TASK —
After locating the line that contains "Matas Chrome Eau de Toilette tilbud", quote it and all lines after it through the end of the entries, and nothing more. Pictures stay out.

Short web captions
= Beginning of Section =

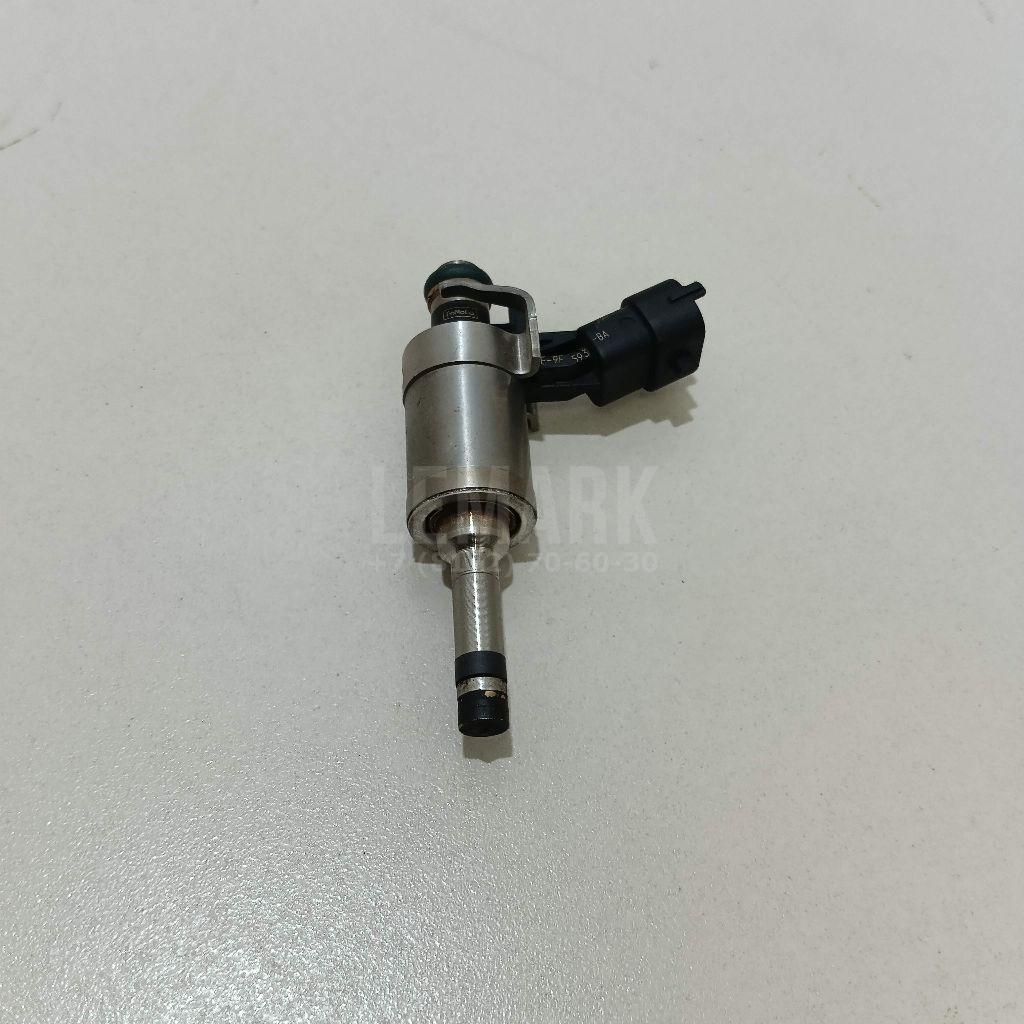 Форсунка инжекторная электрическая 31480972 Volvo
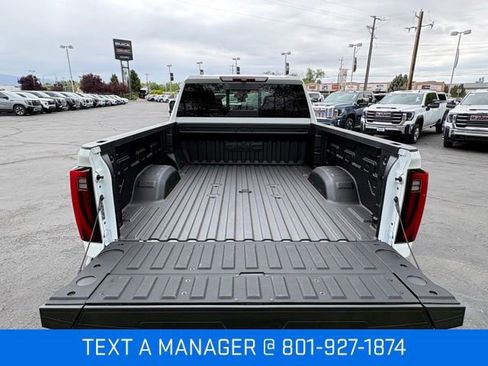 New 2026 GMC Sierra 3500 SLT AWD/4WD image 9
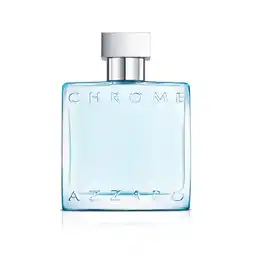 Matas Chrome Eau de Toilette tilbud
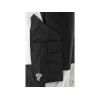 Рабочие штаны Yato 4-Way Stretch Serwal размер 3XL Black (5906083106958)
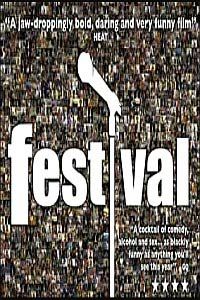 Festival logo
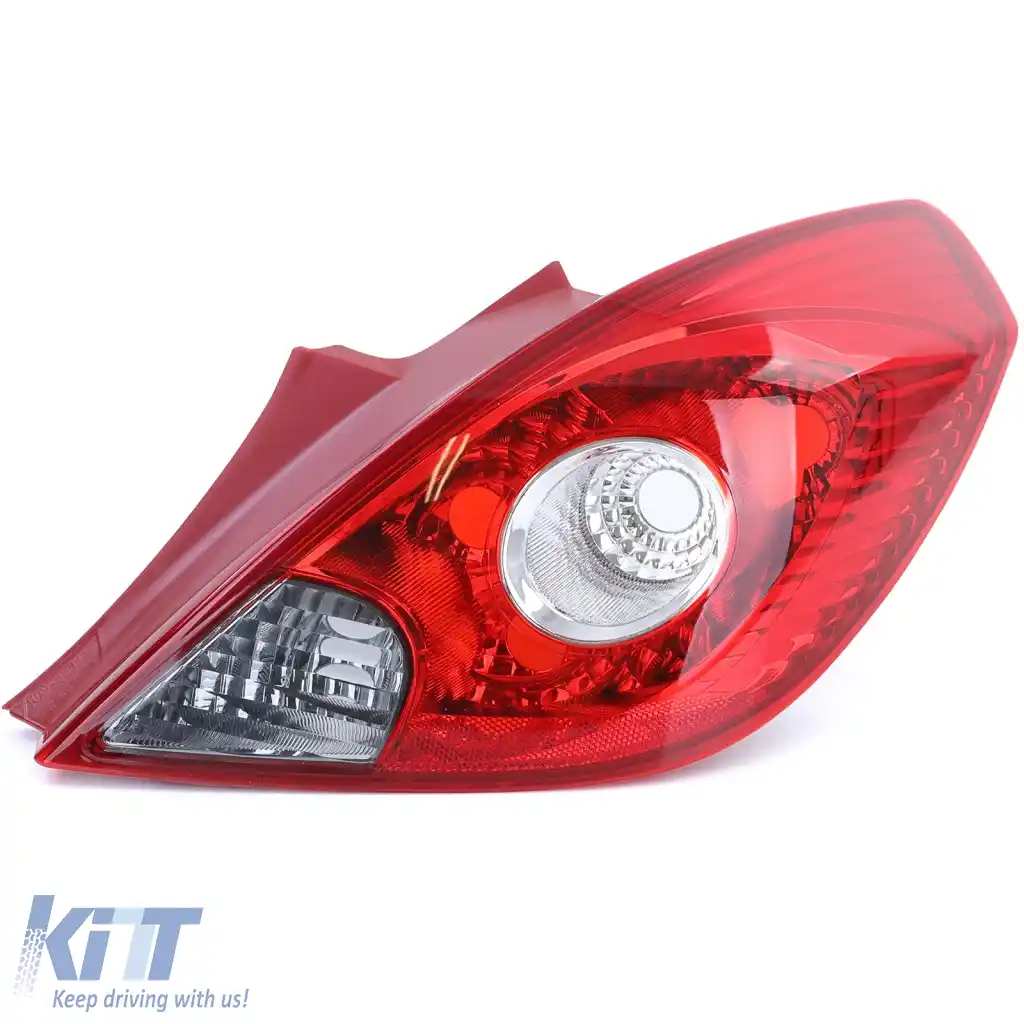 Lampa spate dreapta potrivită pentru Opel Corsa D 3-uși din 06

= End of Section =

WRITTEN SOLUTION —
 Matas Chrome Eau de Toilette tilbud
 Рабочие штаны Yato 4-Way Stretch Serwal размер 3XL Black (5906083106958)
 Festival logo
 Lampa spate dreapta potrivită pentru Opel Corsa D 3-uși din 06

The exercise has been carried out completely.